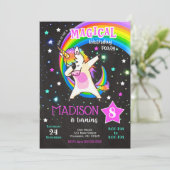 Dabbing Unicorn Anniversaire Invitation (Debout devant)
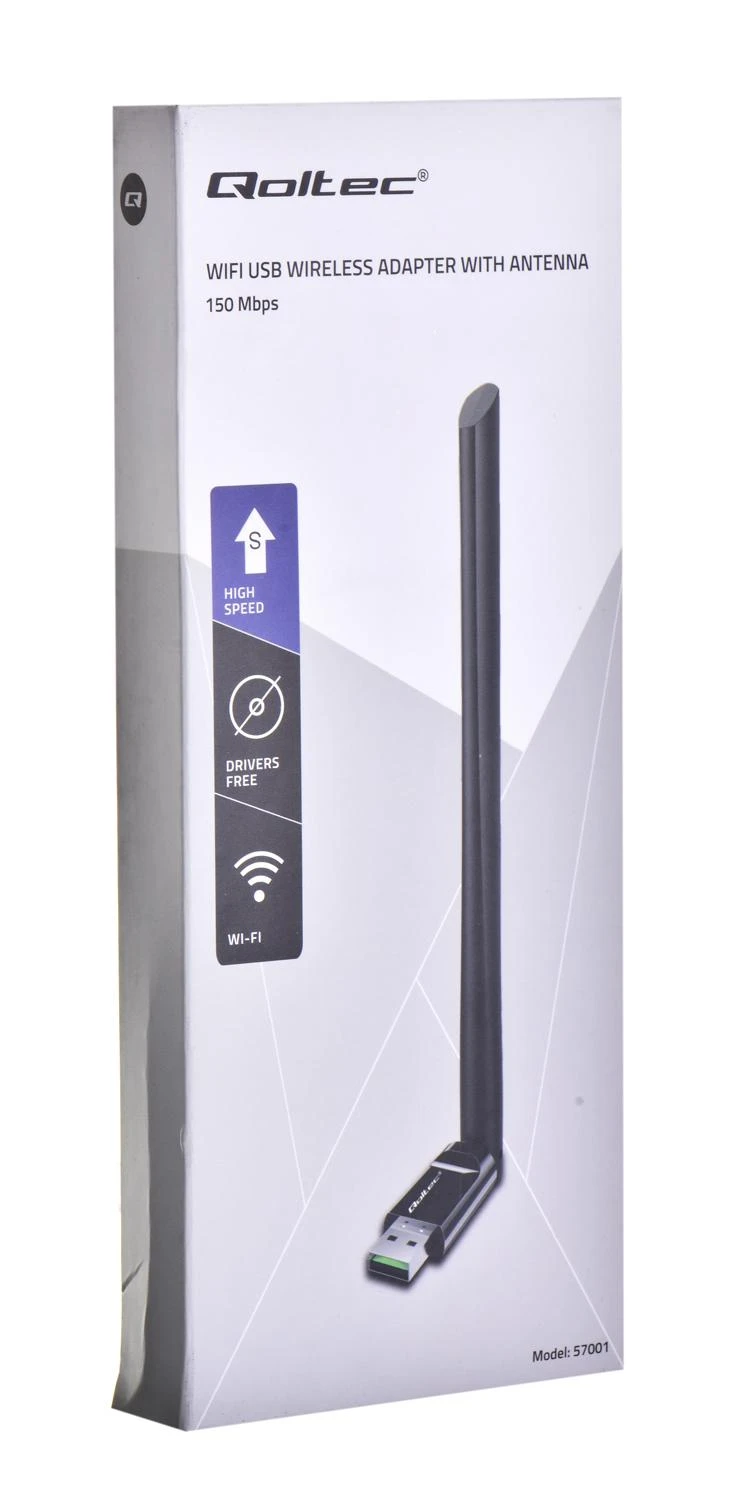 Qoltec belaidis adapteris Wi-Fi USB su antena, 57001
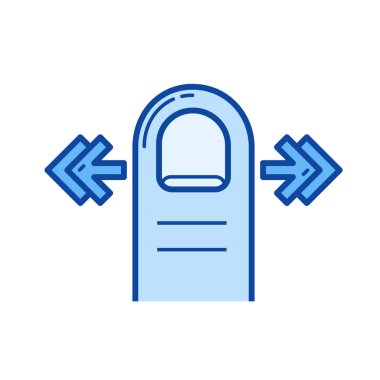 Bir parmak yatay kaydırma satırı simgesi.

===============

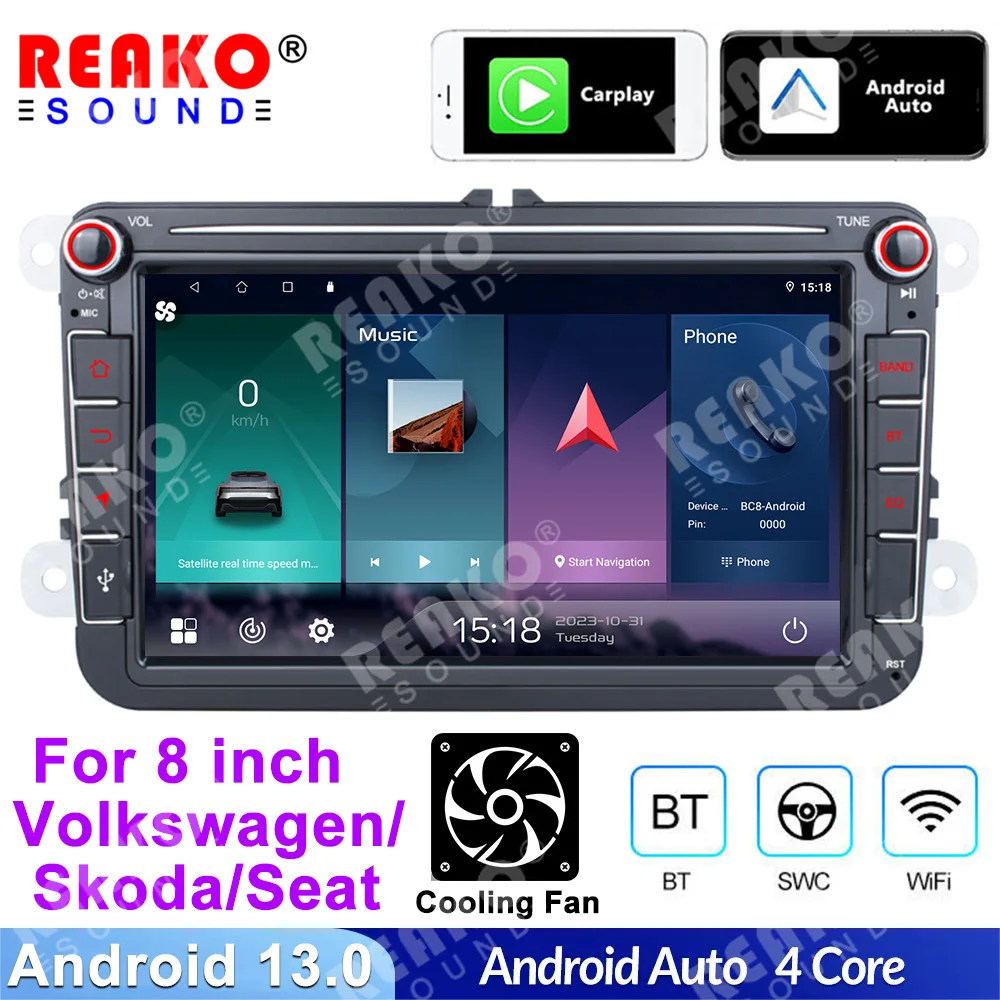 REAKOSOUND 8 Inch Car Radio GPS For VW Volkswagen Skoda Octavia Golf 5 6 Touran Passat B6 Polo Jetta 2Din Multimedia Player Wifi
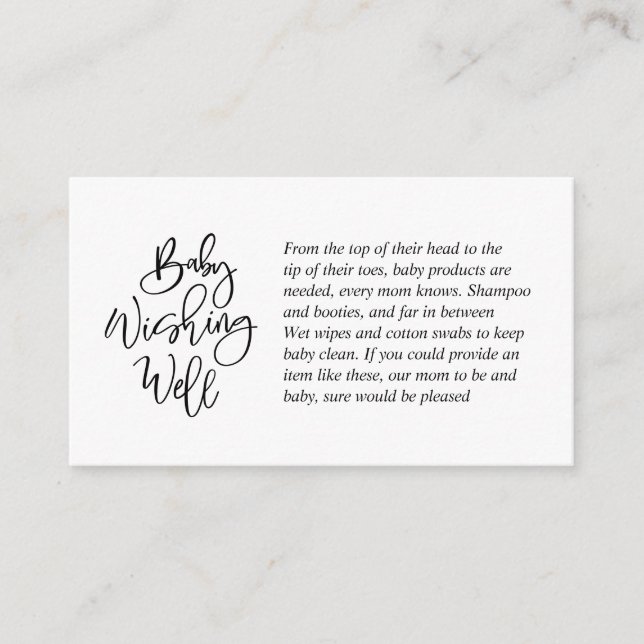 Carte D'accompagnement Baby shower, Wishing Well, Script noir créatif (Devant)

===============

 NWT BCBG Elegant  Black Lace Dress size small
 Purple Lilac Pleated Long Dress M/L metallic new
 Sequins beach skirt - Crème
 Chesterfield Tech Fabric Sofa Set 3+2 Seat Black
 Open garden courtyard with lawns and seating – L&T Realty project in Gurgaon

===============

WHAT IS NEEDED: Take only the lines above from the one that has "Dabbing Unicorn Anniversaire" through the one that has "Bir parmak yatay kaydırma satırı simgesi." and reproduce them exactly, omitting any pictures.

RESPONSE:
 Dabbing Unicorn Anniversaire Invitation (Debout devant)
 Qoltec belaidis adapteris Wi-Fi USB su antena, 57001
 Bir parmak yatay kaydırma satırı simgesi.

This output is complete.